How do I show that my wife is not the sole owner of the property she inherited?

Full question:

When my wife and I purchased our Condominium in Cambridge, MA in 1990, my wife's mother assisted us with a loan. A mortgage for the amount was prepared. Each year afterward, she forgave each of us $10,000 in interest and principal. When she died some years ago, my wife, her only child, was her only beneficiary, and I was the executor. Thus, my wife inherited the mortgage, which nullified it as far as we are concerned. However, it is still listed at the registry of deeds. It appears that we need to file a quitclaim deed, but I don't know quite how to describe the transaction formally and legally.

Answer:

I am unable to determine the ownership on the current deed from your question, or whether the wife's mother was named on the deed. A mortgage is typically cancelled on the records at the recorder's office by filing a satisfaction of mortgage. The executor or administrator of a mortgagee or of the holder or owner of an indebtedness secured by a mortgage or deed of trust shall, if the indebtedness was paid to the decedent in his lifetime, will acknowledge the satisfaction by delivering a release, satisfaction of mortgage or deed of release of the mortgage or deed of trust or acknowledge of satisfaction, which may be filed at the recorder's office.
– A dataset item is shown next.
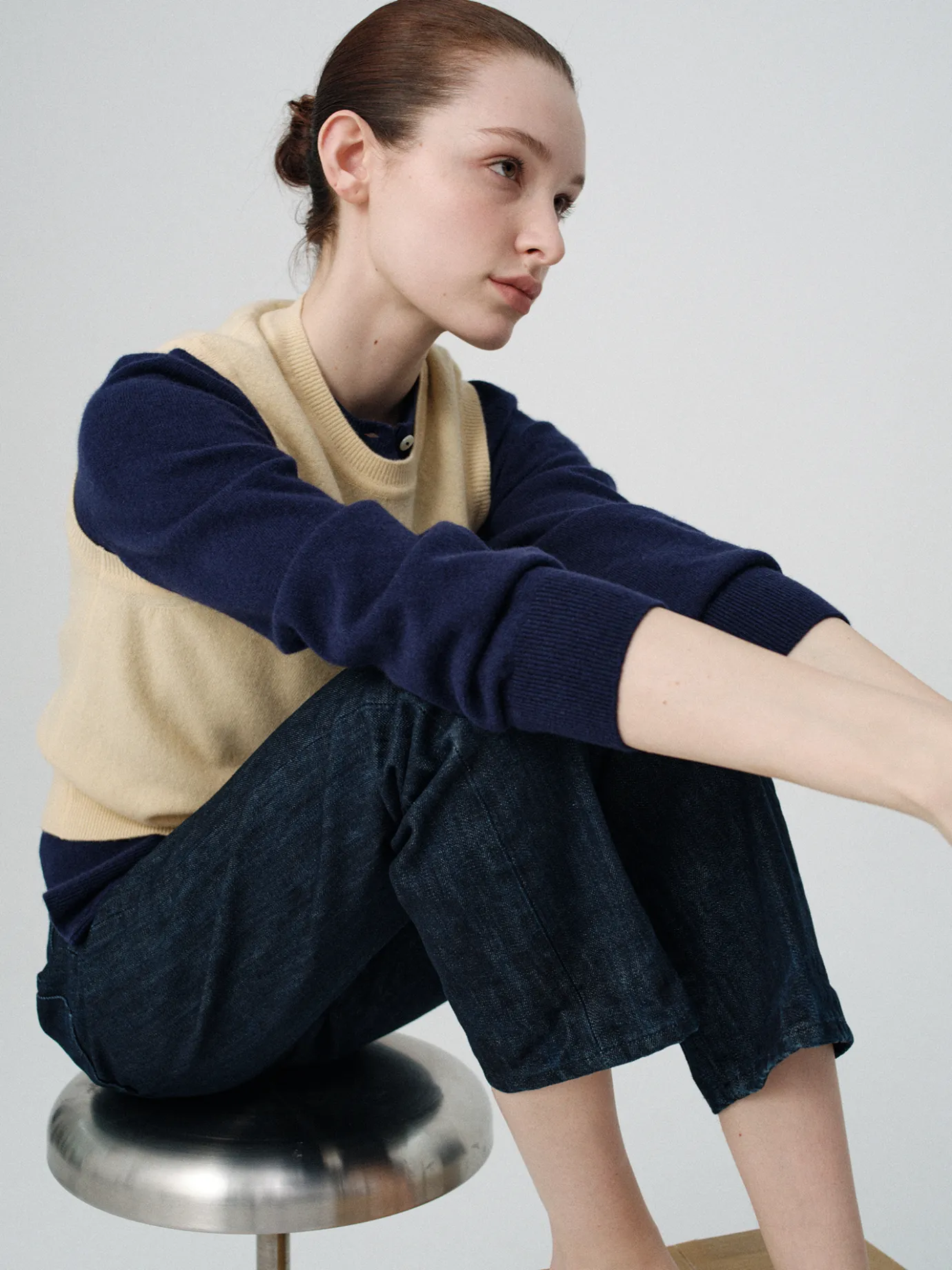 emitt_uneck_wool_slipover_6.webp Nothing written Knitwear-Emitt u-neck wool slipover (Yellow)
Joint tenancy is a form of ownership by two or more individuals together that differs from other types of co-ownership in that the surviving joint tenant immediately becomes the owner of the whole property upon the death of the other joint tenant. State law, which varies by state, controls the creation of a joint tenancy in real property. Joint tenancy property passes outside of probate; however, it may be severed so that the property becomes part of one person's estate and passes to that person's heirs. Each joint tenant has an equal, undivided interest in the whole property, and may enter onto, take possession of the whole, occupy, and use every portion of the common property at all times and in all circumstances. All joint tenants, and their spouses, must sign deeds and contracts to transfer or sell real estate.

On the other hand, if the deed provides for ownership as tenants in common, each owner will own a portion of the property, which may be unequal, but each will have the right to possess the entire property. There is no "right of survivorship" if one of the tenants in common dies, and each interest may be separately sold, mortgaged or willed to another. Upon the death of a tenant in common there must be a court supervised administration of the estate of the deceased to transfer the interest in the tenancy in common.

When a person dies, their assets are distributed in the probate process. If a person dies with a will, an executor is named to handle the distribution of the estate. If the person dies without a will, the court appoints an administrator to distribute the decedent's assets according to the state's laws of intestacy. In cases where the decedent didn't own property valued at more than a certain amount, which varies by state, the estate may go through a small estate administration process, rather than the formal probate process. To dispose of the real property interests of the decedent, the executor or administrator executes an executor's deed or fiduciary deed. For example, if a person who is a joint tenant dies without a will, the administrator of the estate can execute a fiduciary deed transferring their interest to the remaining joint tenants, or other person entitled to receive the interest under intestacy laws of the state.

In the case of a life tenant who holds a life estate, when the life tenant dies, their interest may pass to the remaindermen. Title may also return to the person giving or deeding the property or to his/her surviving children or descendants upon the death of the life tenant--this is called "reversion."

This content is for informational purposes only and is not legal advice. Legal statutes mentioned reflect the law at the time the content was written and may no longer be current. Always verify the latest version of the law before relying on it.

FAQs

A satisfaction of mortgage in Massachusetts is a legal document that confirms a mortgage has been paid off in full. It releases the lien on the property, allowing the owner to clear the title. This document must be filed at the registry of deeds to officially remove the mortgage from public records. As the executor of an estate, you can file this document to acknowledge that the mortgage is satisfied.